Limestone and dolomite as sulfur absorbents under pressurized gasification conditions

• Published in: Fuel (Guildford) Vol. 75; no. 1; pp. 89 - 95
• Main Authors: Yrjas, Patrik, Iisa, Kristina, Hupa, Mikko
• Format: Journal Article
• Language: English
• Published: Elsevier Ltd 1996
• Subjects: dolomite; limestone; sulfidation; dolomite; limestone; sulfidation
• ISSN: 0016-2361; 1873-7153
• DOI: 10.1016/0016-2361(95)00204-9

The capture of H 2S by both limestone and dolomite was studied with a pressurized thermogravimetric apparatus.

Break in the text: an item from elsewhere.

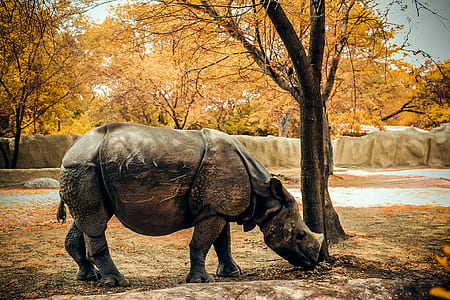 gray rhinoceros thumbnail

The experimental conditions were chosen to correspond to the conditions typical in a pressurized fluidized bed gasifier. Depending on these conditions the limestone reacts either uncalcined (CaCO 3) or calcined (CaO), and the dolomite either half-calcined (CaCO 3 + MgO) or fully calcined (CaO + MgO), with H 2S. The reaction product is calcium sulfide (CaS). MgO does not react with H 2S under these circumstances, due to thermodynamic limitations. The H 2S absorption capacities of three dolomites and two limestones of particle size 125–180 μm were compared at 950°C and 2 MPa. The capture of H 2S by calcined limestone and fully calcined dolomite was fast and 80–90 wt% of the Ca was converted to CaS. H 2S capture by uncalcined limestone was slow and after 2 h no more than 20 wt% of the Ca had reacted to CaS. Half-calcined dolomite was significantly more efficient than uncalcined limestone and 60–80 wt% of the Ca was converted to CaS within 60 min. Experiments were also carried out at lower temperatures. For calcined limestone and fully calcined dolomite the reaction rate was still too fast for kinetic studies at 750°C. However, for uncalcined limestone and half-calcined dolomite the reaction rate clearly decreased at lower temperatures. The observed activation energy for uncalcined limestone was ∼ 100 kJ mol −1 and for half-calcined dolomite 300–400 kJ mol −1.